▶ [Description of the task] Without the pictures, can you quote each line below exactly?

▶ [Dataset section]
---

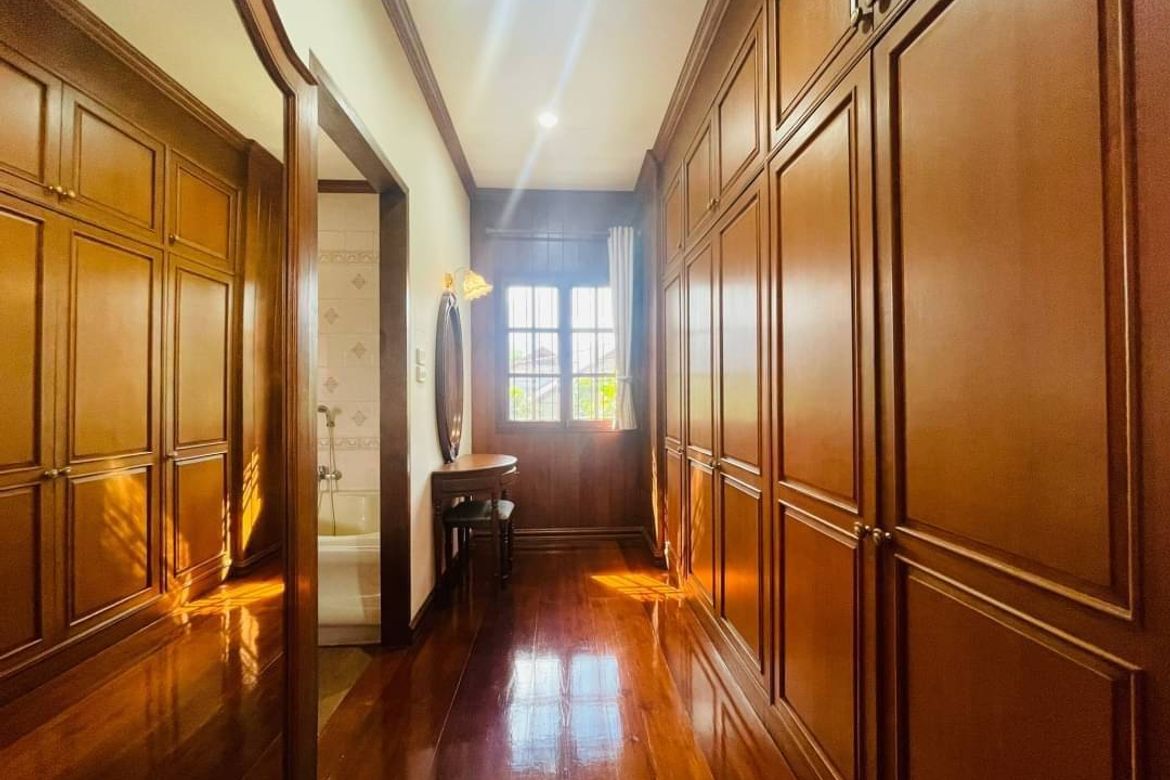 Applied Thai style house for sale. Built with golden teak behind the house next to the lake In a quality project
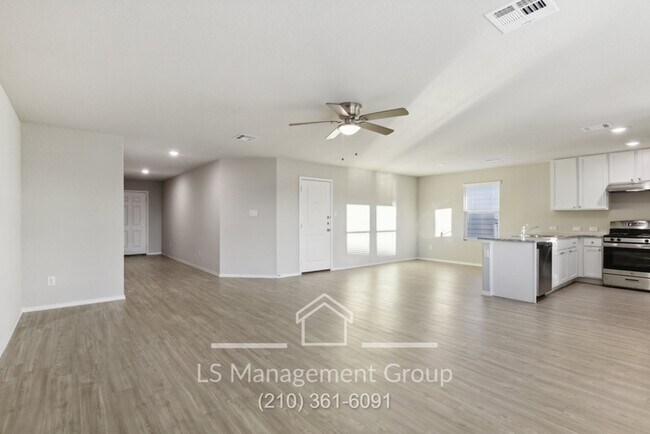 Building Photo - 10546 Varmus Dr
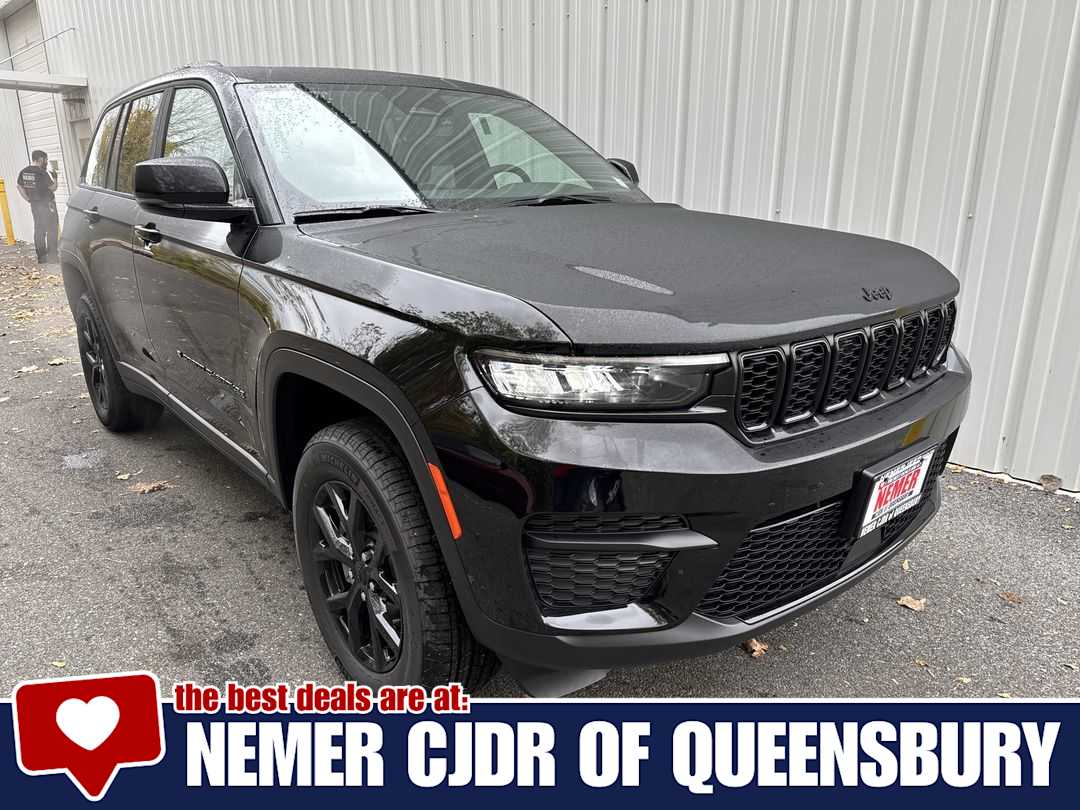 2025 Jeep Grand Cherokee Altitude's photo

---

▶ [Written response]
 Applied Thai style house for sale. Built with golden teak behind the house next to the lake In a quality project
 Building Photo - 10546 Varmus Dr
 2025 Jeep Grand Cherokee Altitude's photo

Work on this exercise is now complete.